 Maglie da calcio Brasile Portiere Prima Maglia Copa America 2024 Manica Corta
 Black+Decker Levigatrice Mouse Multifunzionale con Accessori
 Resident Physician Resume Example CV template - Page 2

--

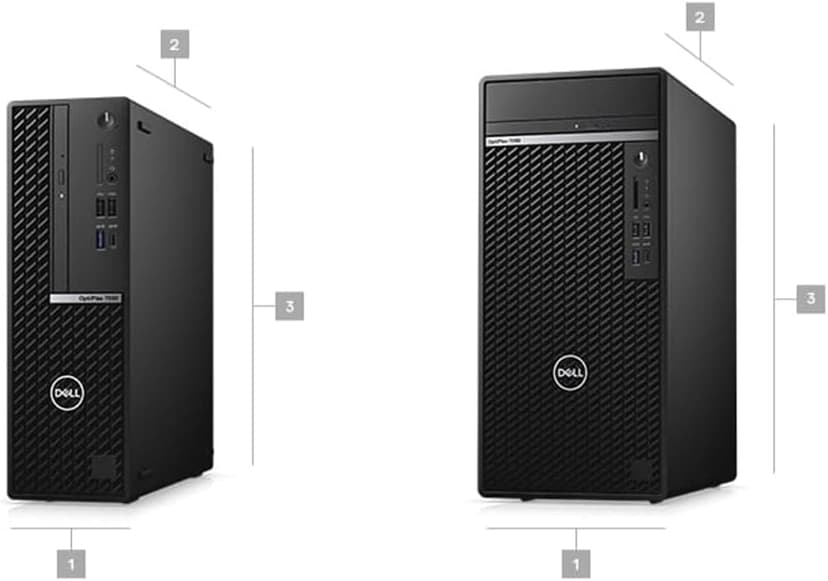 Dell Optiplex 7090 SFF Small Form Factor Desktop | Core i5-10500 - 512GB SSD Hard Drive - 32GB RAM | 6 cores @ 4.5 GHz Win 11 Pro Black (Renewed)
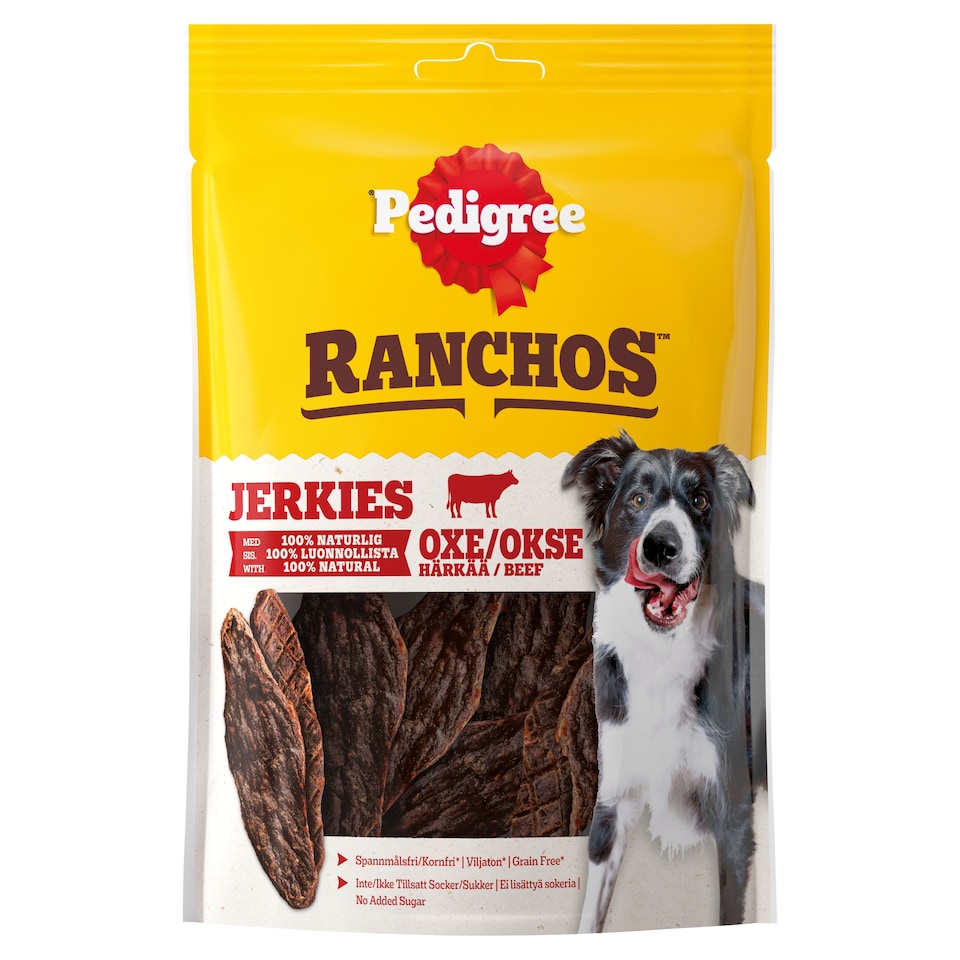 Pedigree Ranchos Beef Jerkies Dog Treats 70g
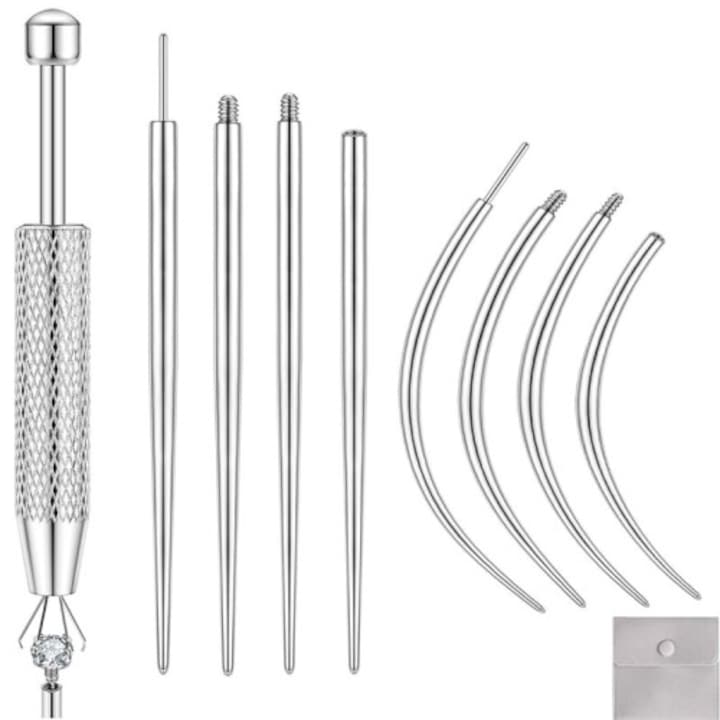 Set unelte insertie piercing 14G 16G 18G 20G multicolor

## YOUR GOAL
Using the material above, transcribe exactly the lines from the line with "Maglie da calcio" to the line with "Resident Physician Resume"; both count, and nothing else goes in.

## WRITTEN SOLUTION
 Maglie da calcio Brasile Portiere Prima Maglia Copa America 2024 Manica Corta
 Black+Decker Levigatrice Mouse Multifunzionale con Accessori
 Resident Physician Resume Example CV template - Page 2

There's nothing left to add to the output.